The Extended Berkeley Packet Filter—eBPF to its friends— is changing everything. Before eBPF came along, kernel tracing, heavy network control, or some forms of observability were clunky or impossible to be performed in production because of performance overhead, or even simply because of lack of convenience. With eBPF, we now have a programmable Linux Kernel that only runs safe code, and delivers endless possibilities for tools to be created.
This is the second part of a series on eBFP; you can find the previous part here. In this blog post, I will show you some tools that use eBPF technology under the hood. For each tool, I will give an overview of its functionalities, briefly show what you can do with it, and focus on the parts that make use of eBPF to work.
Here are some tools that are emerging in this space and gaining increasing popularity.

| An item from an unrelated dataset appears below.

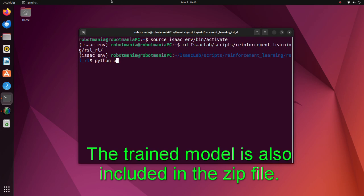To execute our environment with a trained policy, execute the play python script.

Falco is a Cloud Native runtime security tool. It monitors anomalous activity in nodes and containers. It can trigger functions to act on this unexpected behaviour or simply report it to appropriate channels.
The basic workflow to start working with Falco can be as follows:
- Define a rule for Falco to monitor (anomalous behaviour).
- Configure Falco to publish the alert to a topic, queue, chat, or log aggregator.
- (optional) Configure something to be triggered by the alert, like an AWS Lambda or a Google Cloud Function.
There are a few options for Falco drivers from which you can get system call events. But if you have a recent kernel that supports eBPF and you tell Falco to use its eBPF probe driver, all its monitoring features will be eBPF based per se.
Here's how Falco uses eBPF:
The following are some examples of features that I find interesting and are simple to set up.
Detecting a Shell Running on a Container or Node
Someone getting access to a container and running commands manually is something that happens in development/integration/staging environments fairly often, and probably should not trigger an alert. But this happening in your production environment could be a sign of a breach, especially if you cannot track to an incident period. Falco can generate an alert the moment someone gets shell access to a container or a machine on your infrastructure.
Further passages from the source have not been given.